Uno de los principales responsables de la recuperación de la figura de Merton es el papa Francisco. En su famoso discurso al Congreso de los Estados Unidos, en septiembre de 2015, el papa Francisco propuso a los ciudadanos de ese país cuatro modelos inspiradores: Abraham Lincoln, Martin Luther King, Dorothy Day y… Thomas Merton. De este último, trazó un retrato en pocas palabras: “Merton fue sobre todo un hombre de oración, un pensador que desafió las certezas de su tiempo y abrió horizontes nuevos para las almas y para la Iglesia; fue también un hombre de diálogo, un promotor de la paz entre pueblos y religiones”. Solo se comprende bien el alcance de este perfil cuando se conoce la agitada biografía de Merton, que murió con solo 53 años. Merece la pena leer su libro más famoso: La montaña de los siete círculos (The Seven Storey Mountain), publicado en 1948 y traducido a una treintena de lenguas. Es su autobiografía, publicada un año antes de su ordenación sacerdotal. No es fácil resumir una vida tan intensa como la suya. Basta decir que nació en Prades (Francia), de padre neozelandés y madre estadounidense, ambos artistas y un tanto extravagantes. Vivió en Francia, Inglaterra, Italia y, sobre todo, en los Estados Unidos. Se doctoró en Literatura inglesa en la Universidad de Columbia. En 1938 se convirtió al catolicismo. Tres años más tarde, entró en la abadía trapense de Gethsemani, en el estado de Kentuchy. Fue maestro de novicios y estudiantes, eremita, contemplativo, activista social, pacifista, enamorado del diálogo interreligioso, poeta, conferenciante y prolífico escritor. Murió en Bangkok, la capital de Tailandia. Su salud precaria y su genio indómito ponen el contrapunto a una figura que gozó de enorme popularidad después de la segunda guerra mundial.
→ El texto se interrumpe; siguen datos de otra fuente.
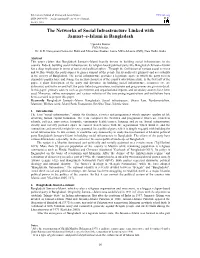 The Networks of Social Infrastructure Linked with Jamaat–E-Islami in Bangladesh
¿Por qué Thomas Merton puede ser una figura inspiradora hoy? ¡Por el coraje de vivir de pie! ¿Por haberse atrevido a ser él mismo! ¡Por no sucumbir –como estamos haciéndolo hoy– a lo política o eclesiásticamente correcto!  Fue un contemplativo. Su profunda experiencia de Dios lo hizo un ser libre, sin que esto suponga necesariamente una gran perfección moral. De hecho, quienes vivían con él acusaban las consecuencias negativas de su carácter y de sus manías. Se atrevió a desnudar su alma sin disfrazarla demasiado con los ropajes de la piedad. Le enseñó al hombre moderno a no esconder sus fragilidades. Más aún: a descubrir a Dios en las propias heridas. Y –esto me llama particularmente la atención– tuvo la experiencia mística de descubrir que todo ser humano, sin excepción alguna, es siempre un hermano o una hermana. En línea con Emmanuel Lévinas, fue muy consciente de que el rostro humano es la ventana por la que accedemos a lo divino. Esto le hizo ver en cada hombre o mujer a una persona. Fue más allá de las etiquetas raciales, sociales y religiosas con las que nos distanciamos de quienes no son de nuestra cuerda. En fin, Thomas Merton puede inspirar un nuevo modo de situarnos en las sociedades interétnicas, multiculturales y plurirreligiosas. Por eso lo evoco hoy en este rincón.